*** Opening of Input data ***

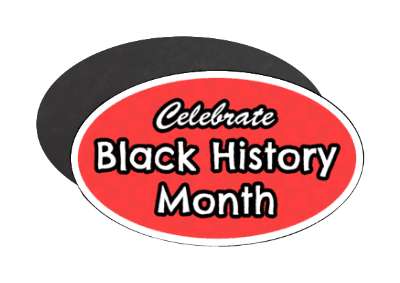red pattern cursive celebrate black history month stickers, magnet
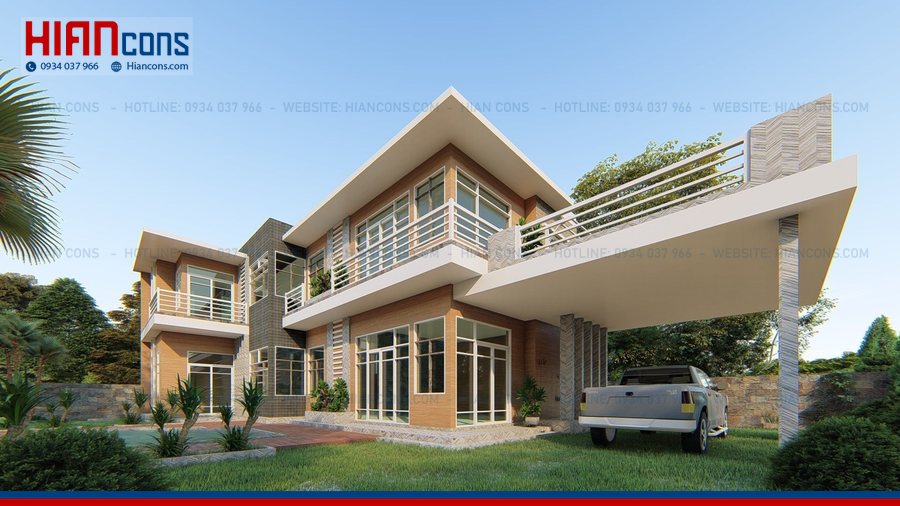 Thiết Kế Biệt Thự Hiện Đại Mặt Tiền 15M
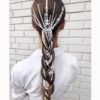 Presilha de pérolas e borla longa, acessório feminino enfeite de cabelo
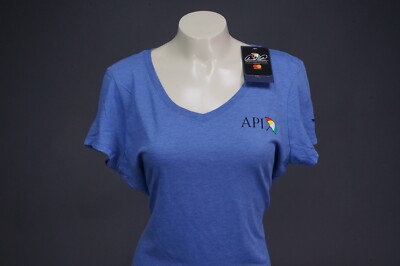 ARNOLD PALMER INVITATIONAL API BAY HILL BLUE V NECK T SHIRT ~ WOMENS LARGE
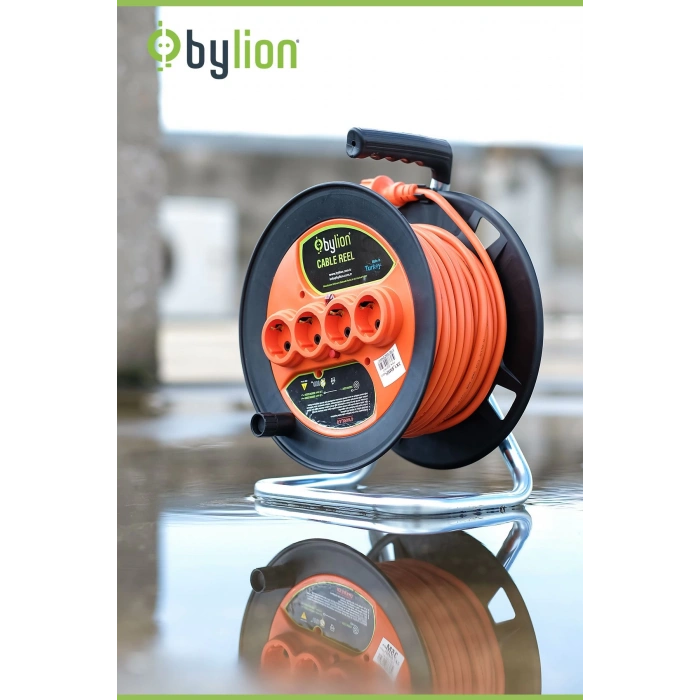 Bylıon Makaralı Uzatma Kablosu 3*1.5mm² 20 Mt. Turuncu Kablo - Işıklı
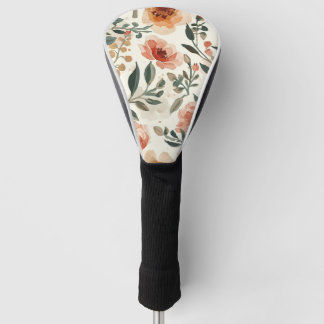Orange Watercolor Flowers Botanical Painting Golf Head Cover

*** Close of Input data ***

§ **Problem details**:
Your copy of the entries must be exact and must contain no pictures.

§ **Answer space**:
red pattern cursive celebrate black history month stickers, magnet
 Thiết Kế Biệt Thự Hiện Đại Mặt Tiền 15M
 Presilha de pérolas e borla longa, acessório feminino enfeite de cabelo
 ARNOLD PALMER INVITATIONAL API BAY HILL BLUE V NECK T SHIRT ~ WOMENS LARGE
 Bylıon Makaralı Uzatma Kablosu 3*1.5mm² 20 Mt. Turuncu Kablo - Işıklı
Orange Watercolor Flowers Botanical Painting Golf Head Cover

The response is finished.